About this task:
Give back, exactly as written, the lines of the listing from the top through the line holding "20日晚間東莒國小暨附幼兒園", and nothing more. Exclude pictures.

Task input:
= = = = = = =

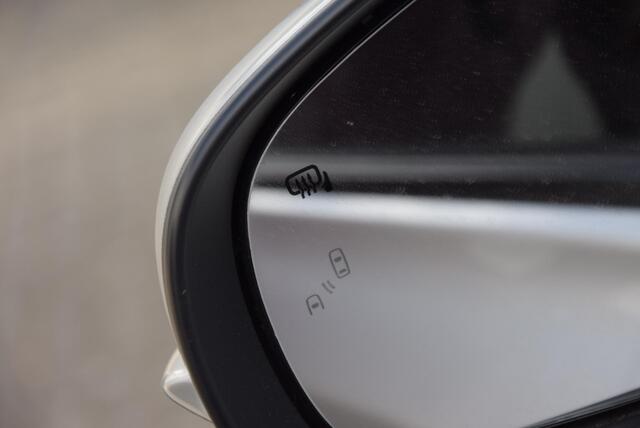 Suzuki VITARA 1.4 Boosterjet Style Smart Hybrid | Fabrieksgarantie | Lederen bekleding | Parkeersensoren |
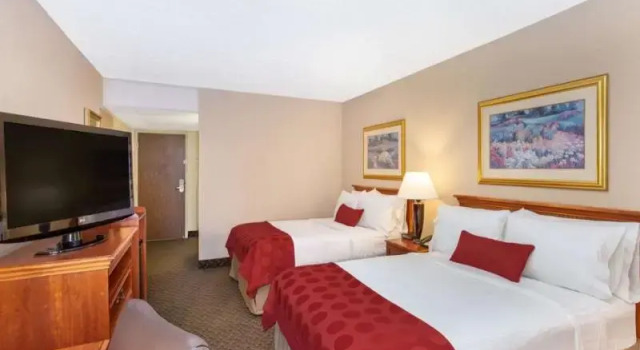 Четырёхместный номер Superior Ramada by Wyndham Midtown Grand Island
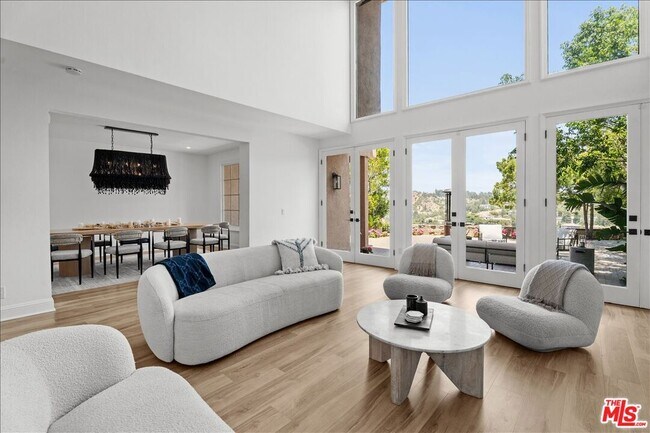 Building Photo - 12303 Ridge Cir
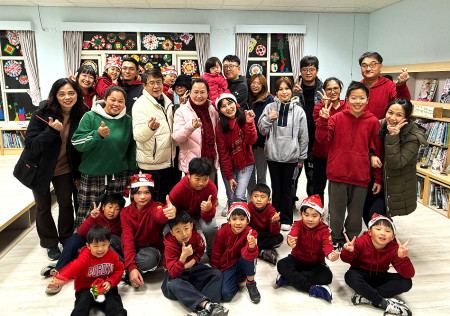 20日晚間東莒國小暨附幼兒園在東莒禮堂舉行聖誕圍爐活動,歡樂洋溢,除了有學生們精彩演出外,還結合了今年的藝術成果展出,活動相當用心。(圖/文:蔡夢玲)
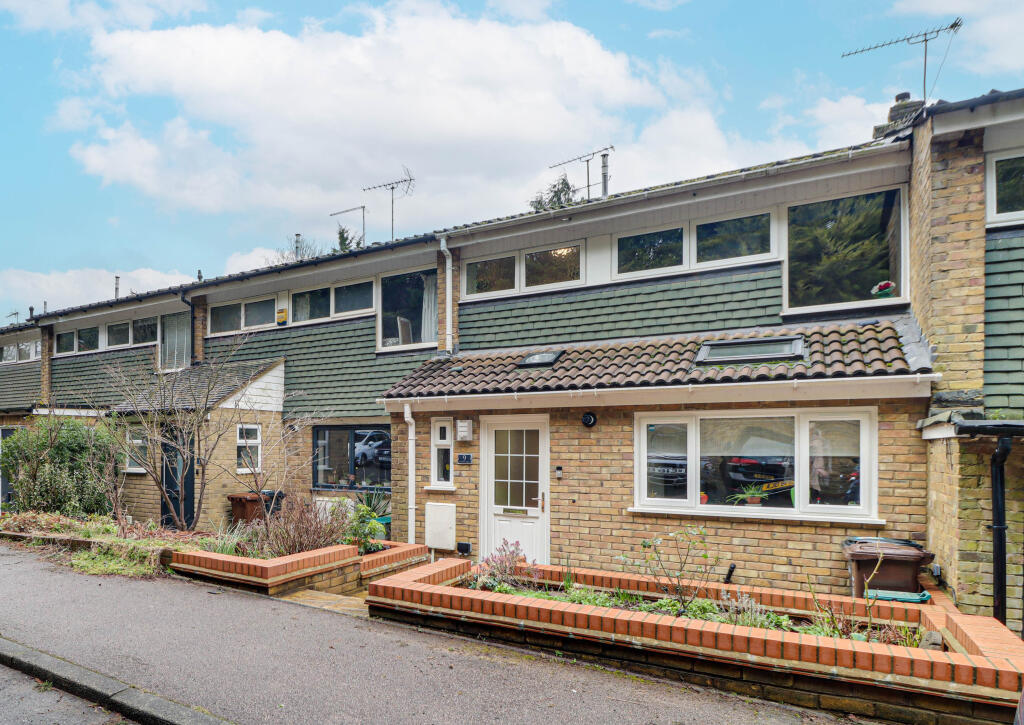 Additional image 15 of St. Martins Close, Harpenden, Hertfordshire, AL5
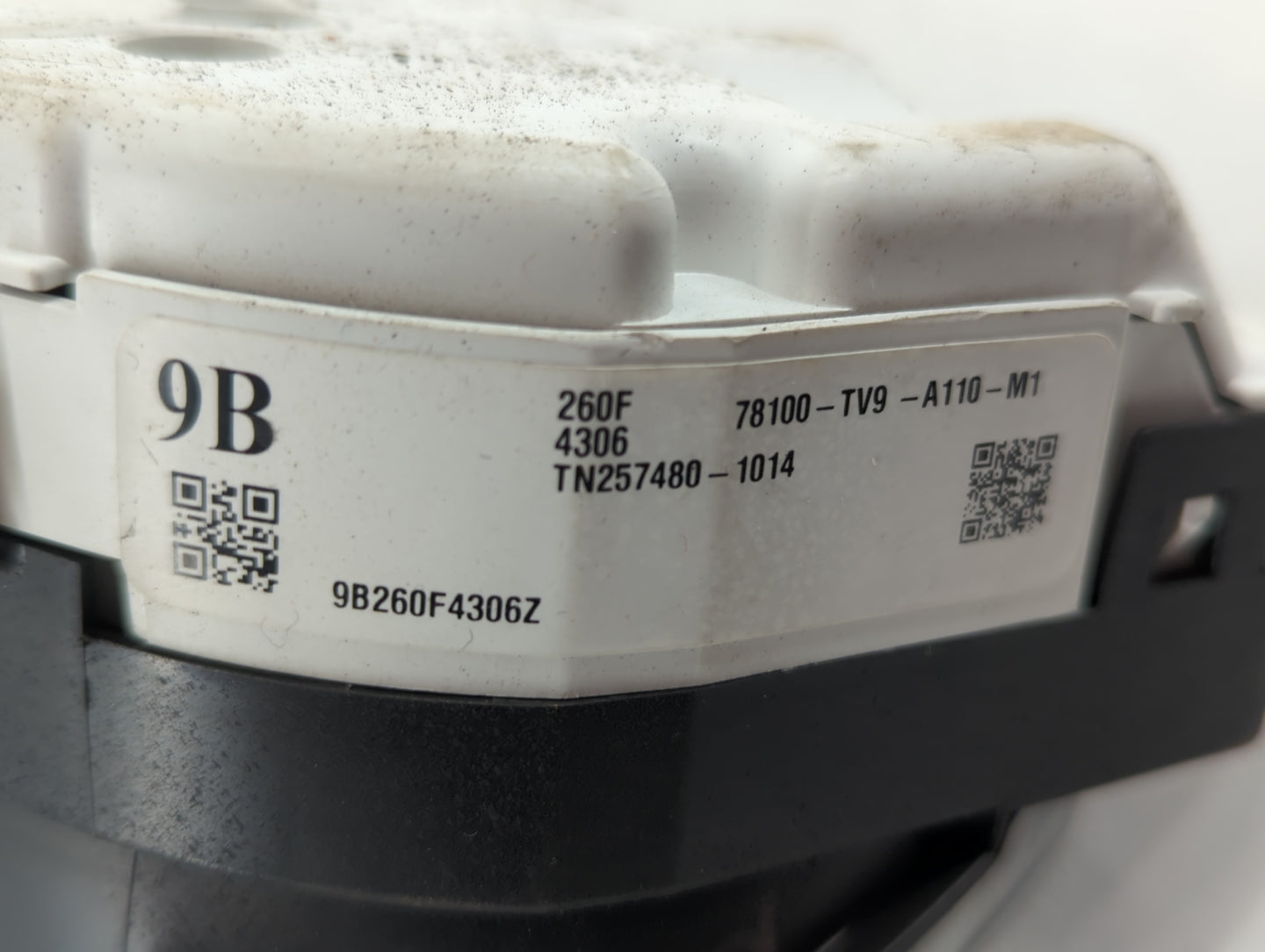 2016-2018 Acura Ilx Instrument Cluster Speedometer Gauges P/N:78100-TV9-A310-M1 Fits Fits 2016 2017 2018 OEM Used Auto Parts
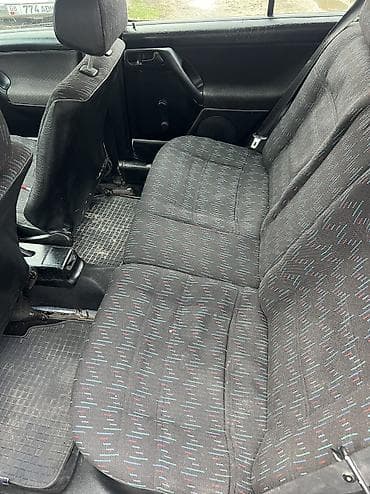 гольф 2 салон: Volkswagen Golf: 1995 г., Хэтчбэк — 10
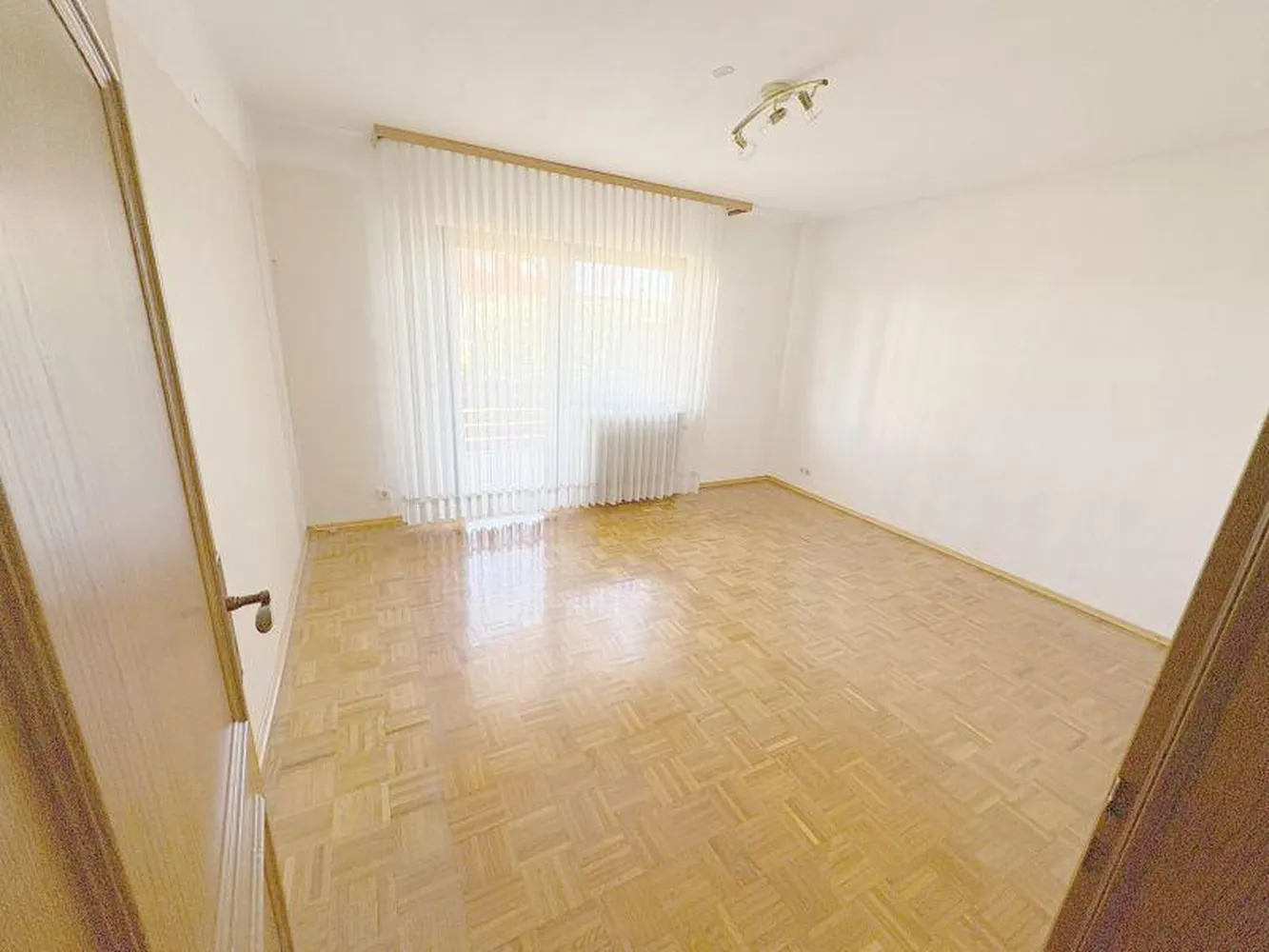4 Zimmer Wohnung mit 1 m² in Karlsruhe – Bild 4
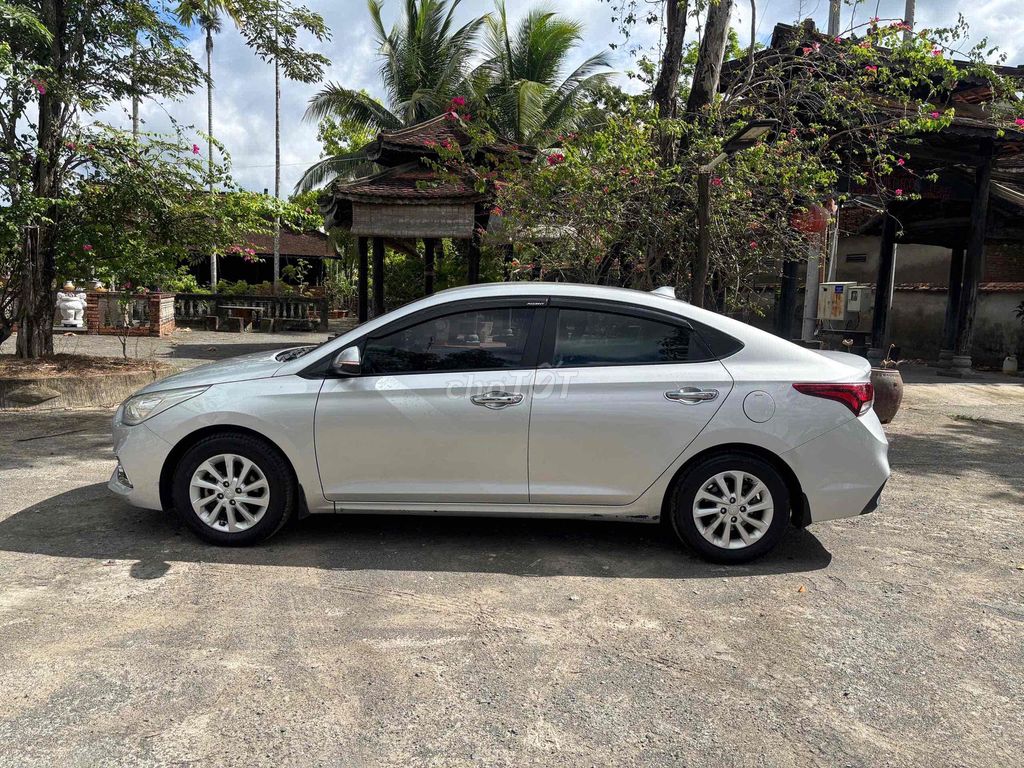Hyundai Accent 2018 - ảnh 4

= = = = = = =

Output:
 Suzuki VITARA 1.4 Boosterjet Style Smart Hybrid | Fabrieksgarantie | Lederen bekleding | Parkeersensoren |
 Четырёхместный номер Superior Ramada by Wyndham Midtown Grand Island
 Building Photo - 12303 Ridge Cir
 20日晚間東莒國小暨附幼兒園在東莒禮堂舉行聖誕圍爐活動,歡樂洋溢,除了有學生們精彩演出外,還結合了今年的藝術成果展出,活動相當用心。(圖/文:蔡夢玲)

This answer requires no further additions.